Source data:
__________________________________________________

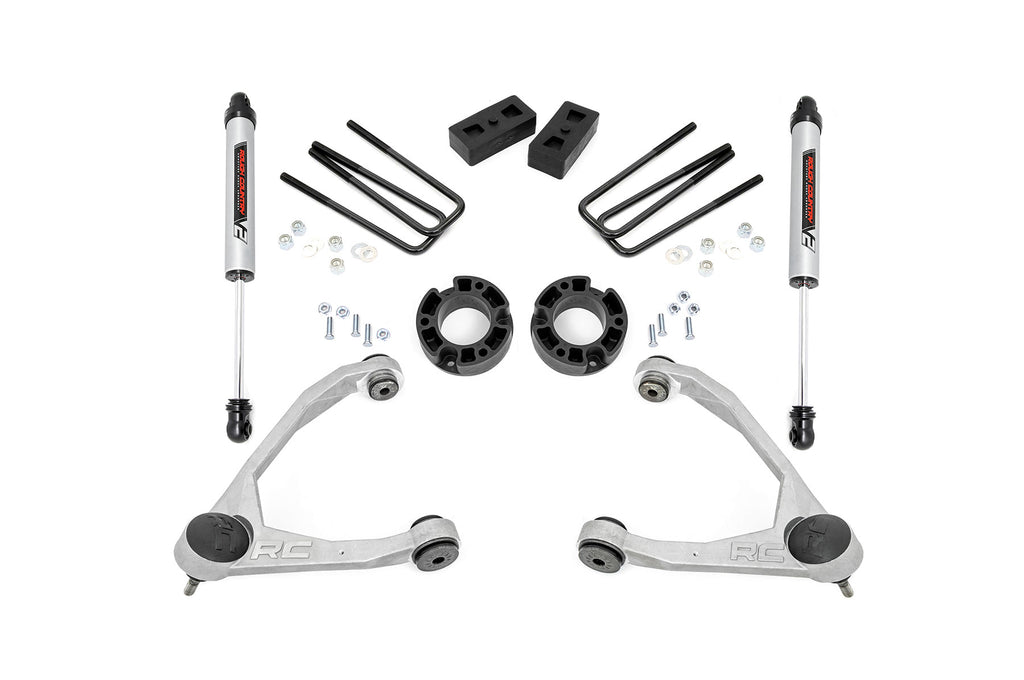 3.5inch Lift Kit Cast Steel V2 Chevy GMC 1500 07 16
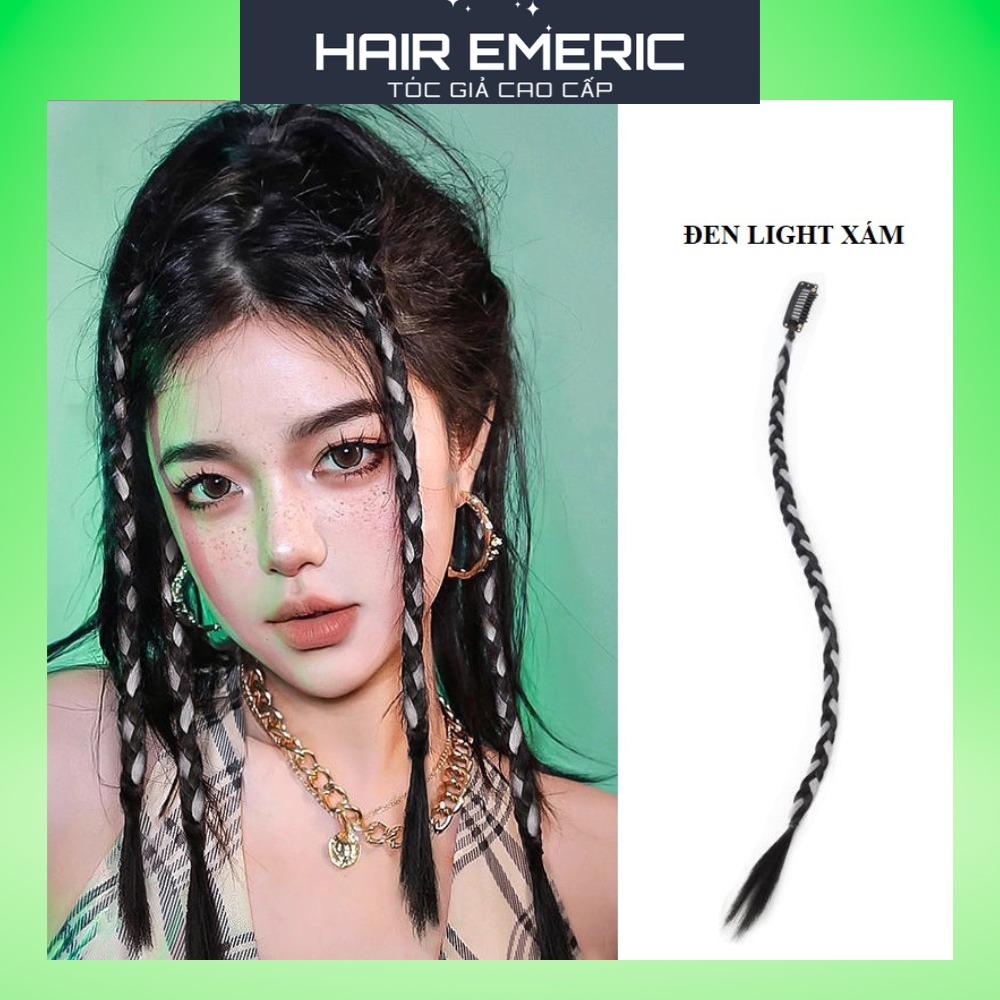 Tóc giả thắt bím nhỏ cho nữ Emeric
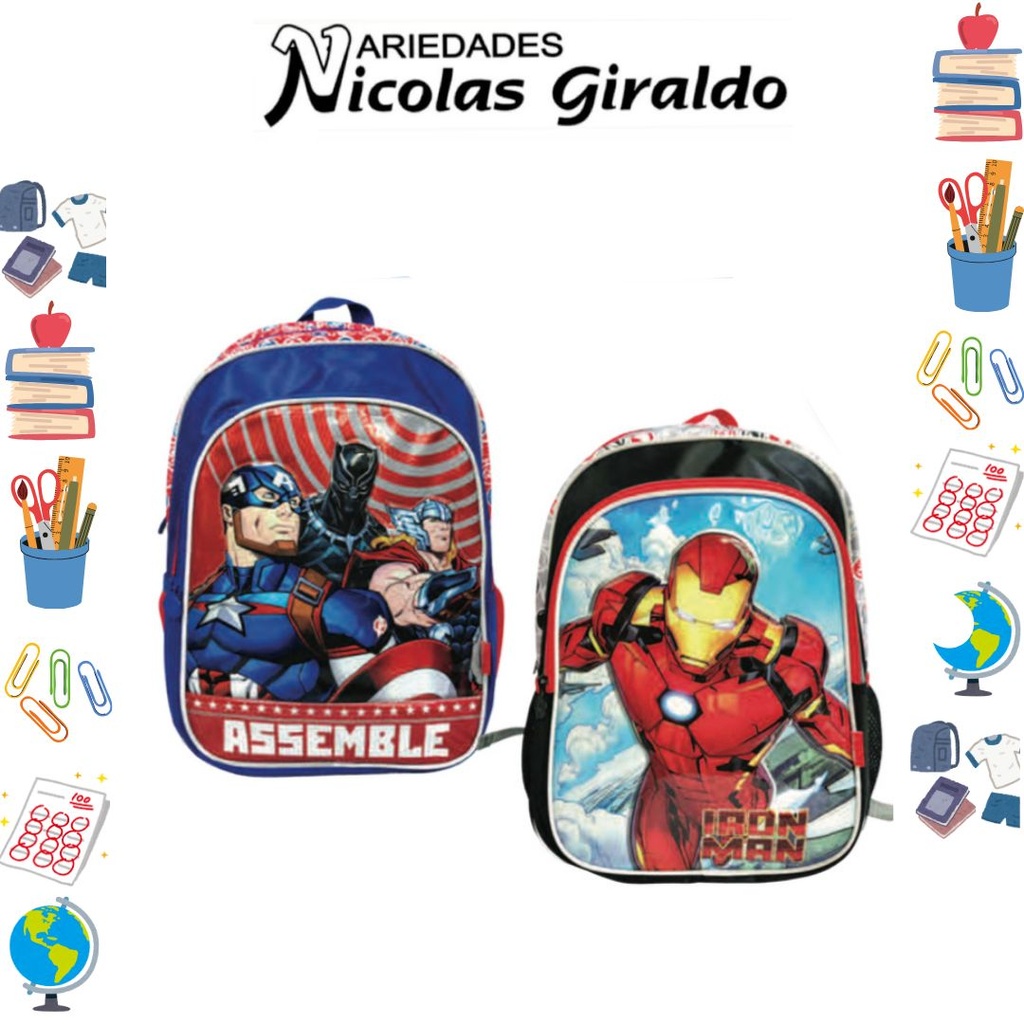 Morral primavera personaje grande avengers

__________________________________________________

Pictures stay out; print everything else in the data exactly.

 3.5inch Lift Kit Cast Steel V2 Chevy GMC 1500 07 16
 Tóc giả thắt bím nhỏ cho nữ Emeric
 Morral primavera personaje grande avengers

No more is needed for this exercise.